The goal here is to remove the entry in nn.yaml, so the implementation is done complete in ATen. There are a few reasonable steps you could take to do this (these could all be separate PRs):

NOTE: no new tests should have to be written. If you want to test manually, run "python test/test_nn.py" and look for tests related to max unpooling, but the PR will run all the tests for you in any case.

Good PRs to refer to

A diff is worth a thousand words. Here are some existing ports which you can use to get some basic orientation:

To read these diffs, you should pull up both the old and new code (they're in separate files) and compare them line by line.

Refactor philosophy

The golden rule of refactoring is change one thing at a time.
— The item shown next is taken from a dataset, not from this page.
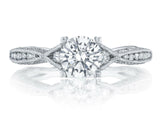 1.25 Vivid Blue Lab Diamond, VVS2, Platinum 0.37cttw Tacori Bloom Engagement Ring, 1/2 Way Ring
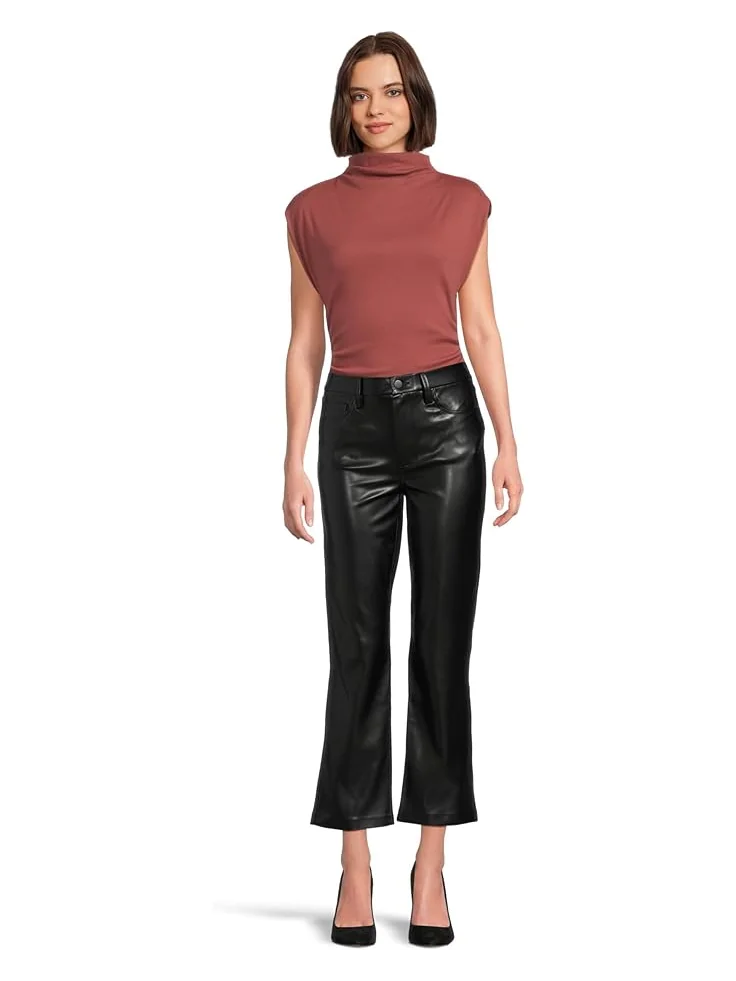 Женские джинсы Joe's Jeans The Lyra Slim Ankle Vegan Leather в черном цвете — изображение 5 из 5, черный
If you change one thing, and the code breaks, you know that one thing is to blame. If you change many things, and the code breaks, you have no idea what you did wrong. If you are doing a port, just do a port; don't try to “fix” things that you notice are wrong. We would be ecstatic if you did a follow up PR to fix the problems you noticed, or submitted a preparatory PR that refactors the old code in place, before you actually do the port. Just don't do both at once!

Caveat: Small, low risk, improvements

This being said, there are some small changes which are unlikely to cause problems, which are nice to see when reviewing porting PRs. Here are some of them:

  • Change C-style casts into C++ static_cast. Anywhere you see (scalar_t)x replace it with static_cast<scalar_t>(x)
  • Sink variable declarations to their first use site. A lot of TH declares variables as “int colWidth;” and then have a single def-site at some later point in time. Better to sink the declaration to the first point the variable is actually defined, to help avoid bugs where a variable is used before it is initialized.
  • Change uses of “int” as booleans to actual “bool”.

Dispatch and scalar_t

In code in TH, you will see references to scalar_t. In fact, all code in TH is implicitly “templated”, and instantiated multiple times for various values of scalar_t; e.g., float, int, etc. This is done by a macro monstrosity that includes non-header files multiple times with different settings of scalar_t.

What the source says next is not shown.